2,5-Di(tert-butyl)-1,4-benzohydroquinone--a novel inhibitor of liver microsomal Ca2+ sequestration.

G A Moore1, D J McConkey, G E Kass, P J O'Brien, S Orrenius.   

Abstract

Treatment of rat liver microsomes with 2,5-di(tert-butyl)-1,4-benzohydroquinone caused a dose-related inhibition (Ki congruent to 1 microM) of ATP-dependent Ca2+ sequestration. This was paralleled by a similar impairment of the microsomal Ca2+-stimulated ATPase activity.

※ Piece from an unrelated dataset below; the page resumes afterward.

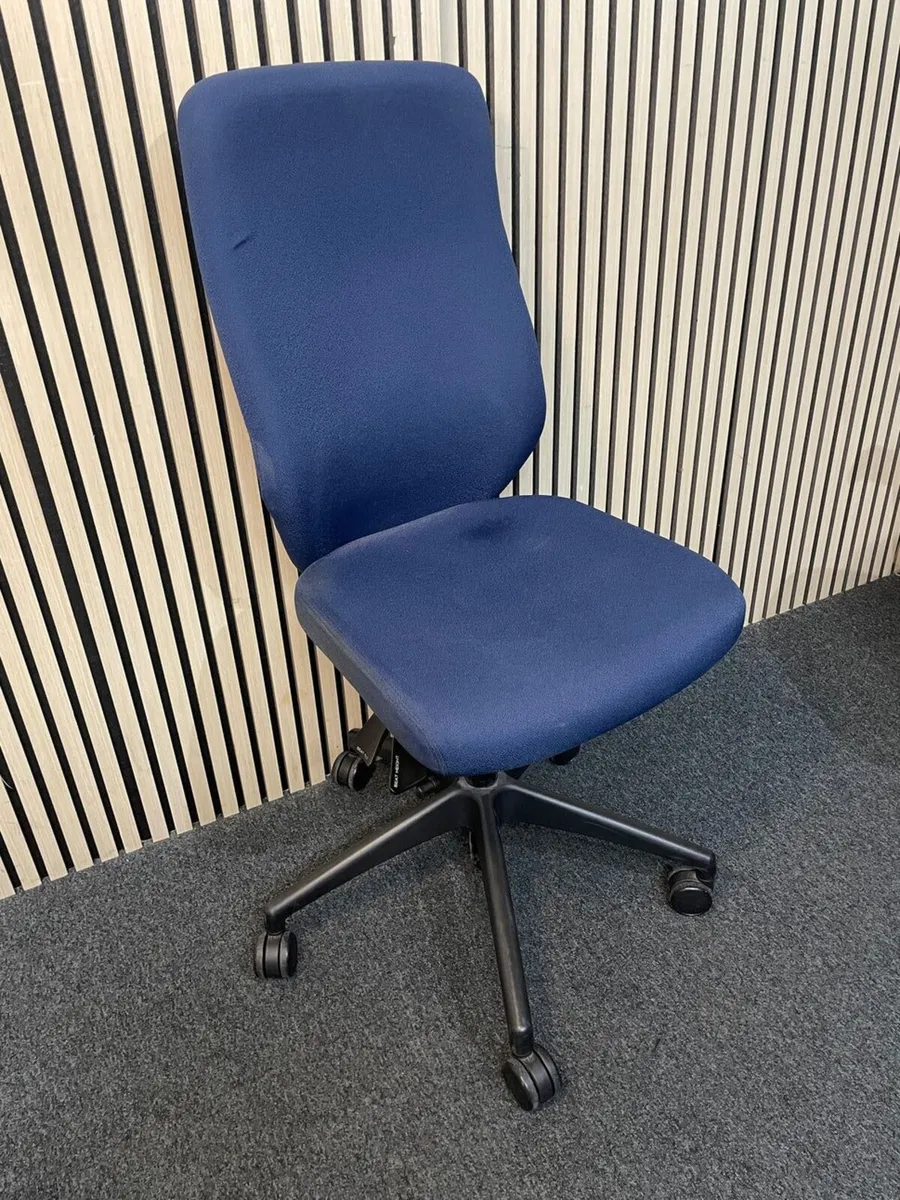 QUALITY SWIVEL CHAIRS @ CJM FURNITURE - Image 2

In contrast, the hydroquinose failed to induce Ca2+ release from Ca2+-loaded liver mitochondria (supplied with ATP), and inhibited neither the mitochondrial F1F0-ATPase nor the Ca2+-stimulated ATPase activity of the hepatic plasma membrane fraction. The inhibition of microsomal Ca2+ sequestration was not associated with any apparent alteration of membrane permeability or loss of other microsomal enzyme activities or modification of microsomal protein thiols. These findings suggest that 2,5-di(tert-butyl)-1,4-benzohydroquinone is a potent and selective inhibitor of liver microsomal Ca2+ sequestration which may be a useful tool in studies of Ca2+ fluxes in intact cells and tissues.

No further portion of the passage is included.